A statement posted on the party's website says this is the fifth such denial since 1998.
Attached to the statement is a document purported to be the Justice Ministry's most recent ruling. In it, the ministry cites several violations of the law on political parties, including calls to defend the rights of ethnic Russians living abroad, to justify its refusal.
NBP spokesman Aleksandr Averin told the RIA Novosti news agency today that the party's leadership would appeal the Justice Ministry's decision to the Supreme Court.
The agency says there has been no confirmation from the Justice Ministry.
The NBP, which is headed by former emigre writer Eduard Limonov, has adopted a strong anti-Kremlin and anti-globalization rhetoric.
The NBP has won fame through a series of flamboyant protest actions.
A Moscow court in December 2005 sentenced 39 party members for forcing their way into a presidential administration building.
Last week, some 50 NBP activists briefly occupied an administrative building of the Gorky Automobile Plant (GAZ) in the central city of Nizhny Novgorod before being arrested. The action was meant to protest alleged plans by the plant's management to lay off some 40,000 workers in the coming months. GAZ owner Oleg Deripaska has denied the accusations.

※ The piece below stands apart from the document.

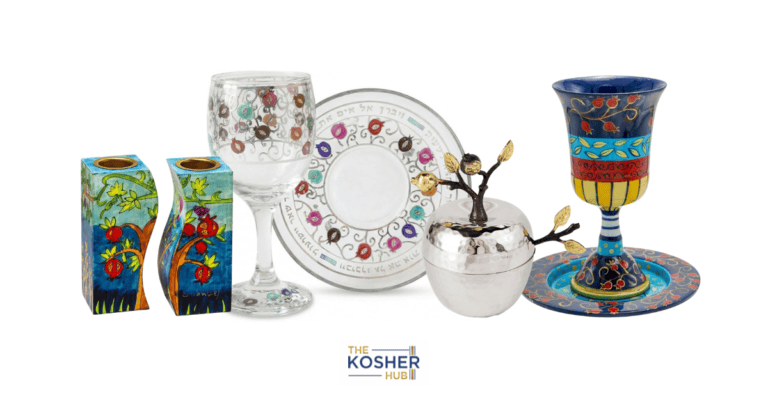 Rosh Hashanah decorations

Russia's Supreme Court last year upheld a Moscow court's order to have the party disband.
(with material from RIA Novosti)
Factbox: National Bolshevik Party
- Created in 1994 by radical writer Eduard Limonov, Eurasianism ideologue Aleksandr Dugin (who soon left the party), and rock musicians Yegor Letov and Sergei Kurikhin.
- Limonov was a member of the Soviet literary underground in the 1960s. He emigrated to the United States in the 1970s, where he became close to American Trotskyites and anarchists.
- Limonov's best-selling novel, "It's Me, Eddie," has been translated into 15 languages.
- The party's official publication is "Limonka" the name, literally "little lemon," is also idiomatic Russian for "grenade."
- The NBP is believed to have several thousand followers, most of them young. They are popularly referred to as "limonovtsii."
- Started as a neo-fascist organization, the party now prefers to describe itself as an opposition group that supports democracy. Its ideology is a mixture of totalitarian and fascist symbols, geopolitical dogma, leftist ideas, and national-patriotic demagoguery.
- President Vladimir Putin is one of the party's constant targets. The party's website lists Putin's "crimes" as election fraud, reforming the Soviet-era benefits system, and the government's response to the Dubrovka and Beslan tragedies.
- The party has gained fame by staging provocative protests and publicly challenging its foes. Some of its favorite stunts include throwing eggs, tomatoes, and mayonnaise at prominent public figures.
- Its emblem combines the Nazis' red-and-white flag with the Soviet hammer and sickle.
- Authorities have continually cracked down on the party. In August 2004, 39 activists were arrested and charged with "attempting to seize power and organize a mass disturbance" after breaking into the presidential administration building.
- In June, the party was outlawed on extremism charges by a Moscow court. Russia's Supreme Court confirmed the ban in November.